Last week, there were several hours where hourly demand response (HDR) resources were “scheduled on” (i.e., how much of the load got scheduled to reduce demand). HDR was scheduled for several hours between August 4 to August 8. As can be seen in the graph below, focusing on high real-time OZP days like August4 and August 5, all of the HDR bid ended up with a schedule in many hours – further highlighting the high demand and/or tight supply conditions that led to the real-time price spikes observed on these days.

OR Prices

Both real-time and day-ahead Operating Reserve (OR) prices remain elevated compared to historical averages. The average weekly day-ahead 10S price was $10.78/MW, while it was at $9.49/MW in real-time (note this excludes data for August 9 HE 6 to HE 24 as this data is missing).

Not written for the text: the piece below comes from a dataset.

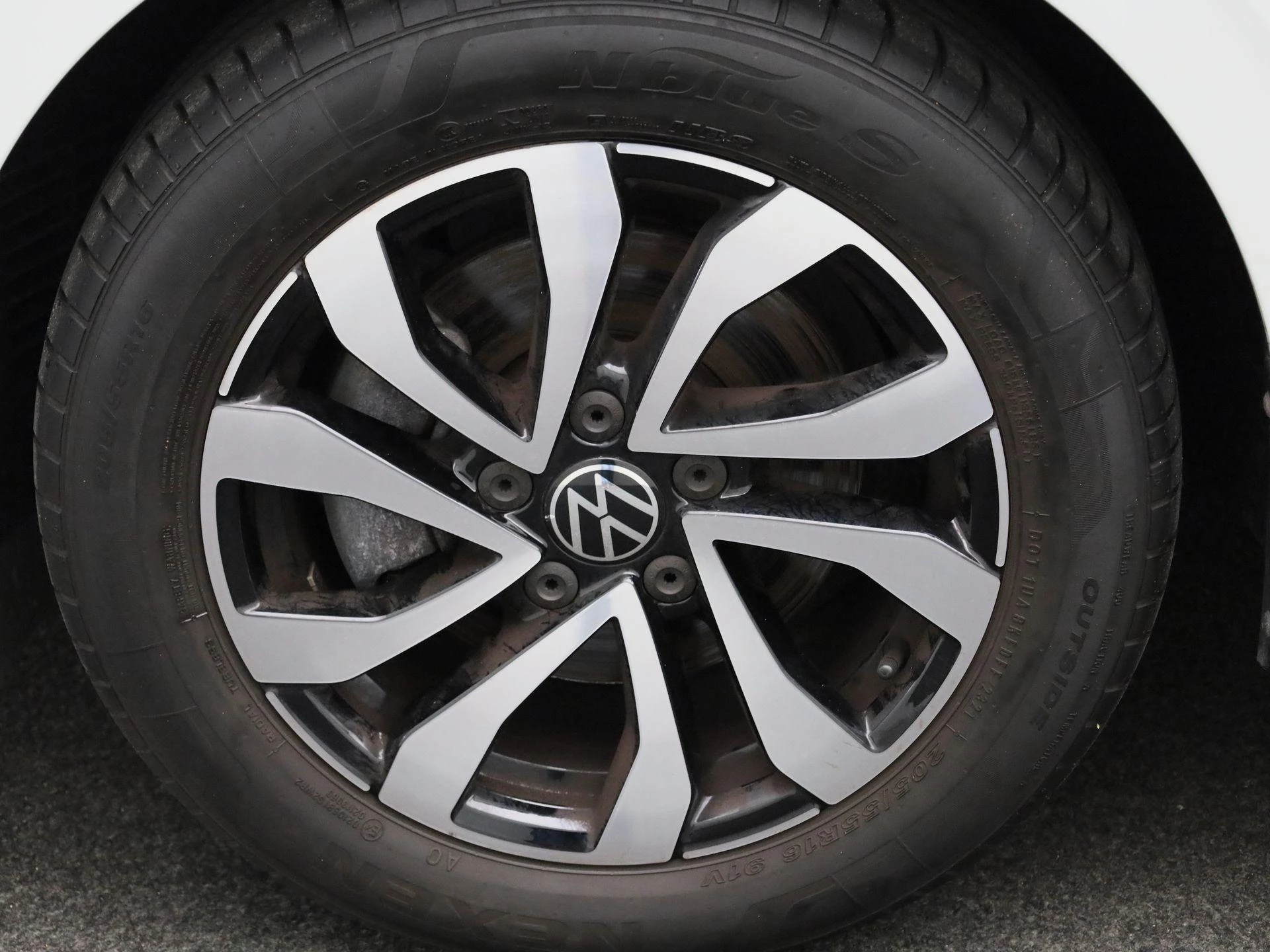 Volkswagen-Golf-image-13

As noted in multiple of our weekly reviews, the OR market supply stack is now tighter than under the legacy market and this has likely been the primary driver of higher OR prices.

The average hourly DAM OR price remained below the average hourly DAM energy price for all hours of the week. Day-ahead OR prices closely tracked the trend in energy prices. The highest day-ahead OR price was $87.26/MWh which occurred on August 8 HE 19. For reference, the day-ahead energy price was $124.45/MWh at this time.

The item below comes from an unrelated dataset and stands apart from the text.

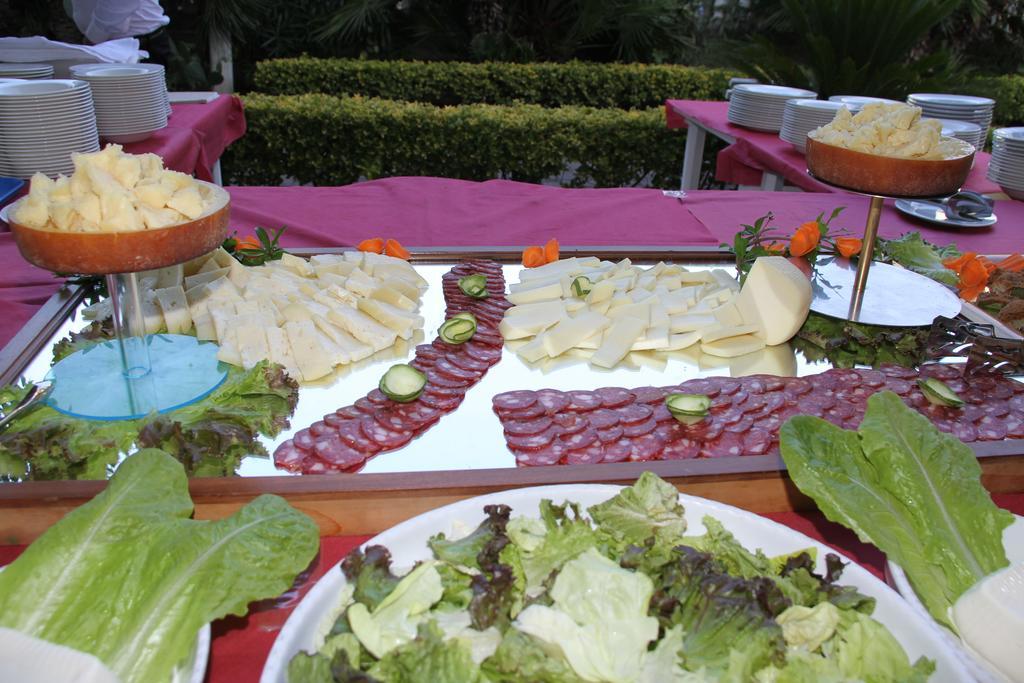 Hotel Garden Cattolica Extérieur photo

Real-time OR prices were low (i.e., near $0/MWh) for several hours of the week with OR prices exhibiting less volatility compared to energy prices.

Zonal Prices and Congestion

Compared to previous weeks, the Northwest zone saw moderate and mainly positive congestion in the day-ahead timeframe, while the Niagara, West and Northeast zones experienced moderate negative congestion. The positive congestion in the Northwest zone was concentrated on the early morning hours of August 9 with the average congestion in those hours being $47.92/MWh. The West zone saw most of its negative congestion for consecutive hours on August5, August 6, and August 7 with the lowest congestion being -$37.41/MWh (on August 6 HE 16). The Niagara zone had negative congestion on the last two days of the week (also the highest peak demand days of the week), with a low of -$50.38/MWh congestion (on August 9 HE 14).

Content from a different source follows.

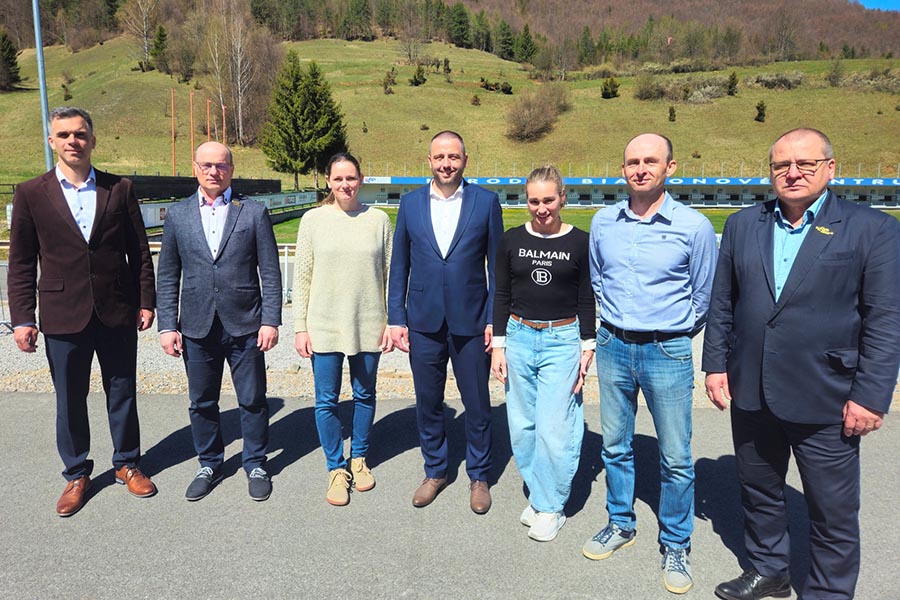 Matej Kazár (úplne vľavo) a vedľa neho postupne ďalší členovia vedenia Slovenského zväzu biatlonu - Maroš Badáň, Jana Daubnerová,
prezident Peter Vozár, Paulína Bátovská Fialková, Branko Michalech a Ondrej Kosztolányi. - Foto: SZB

Real-time zonal prices in the Northwest and Northeast remain volatile – with the Northwest especially seeing large swings from positive to negative congestion. The main positive congestion for the Northwest occurred on August 4 HE 6 to HE 9 and on August 7 HE 19 to August 8 HE 1. Negative congestion was mainly on August 4, August 5, and August 7 to August 10. The lowest congestion was -$365.21/MWh on August 5 HE 17 (with RT OZP relatively low at $73.03/MWh). The Northeast zone saw negative congestion mainly on August 4, August 5, and August 8 to August 10. The lowest congestion was -$109.92/MWh on August 5 HE 17 (coincident with the lowest negative congestion in the Northwest Zone). Essentially, both the Northeast and Northwest zones are seeing materially lower prices close to or during the highest OZP hours.

Notably, the Ottawa zone experienced positive real-time congestion – the first time this has occurred in the renewed market. The positive congestion occurred on August 9 HE 14 and hit $154.93/MWh. The congestion was likely a result of exports to Quebec, which was importing 1,152MW. Power Advisory expects similar congestion to occur in the winter when Quebec imports a significant amount of energy. The West zone saw very negative congestion for several hours last week, with congestion hitting a low of -$457.20/MWh (similar to the Northeast and Northwest zones occurring on August 5 HE 17). There was also congestion in the Southwest zone (a low of -$47.26/MWh) and the Niagara zone (a low of -$75.61/MWh) on August 9.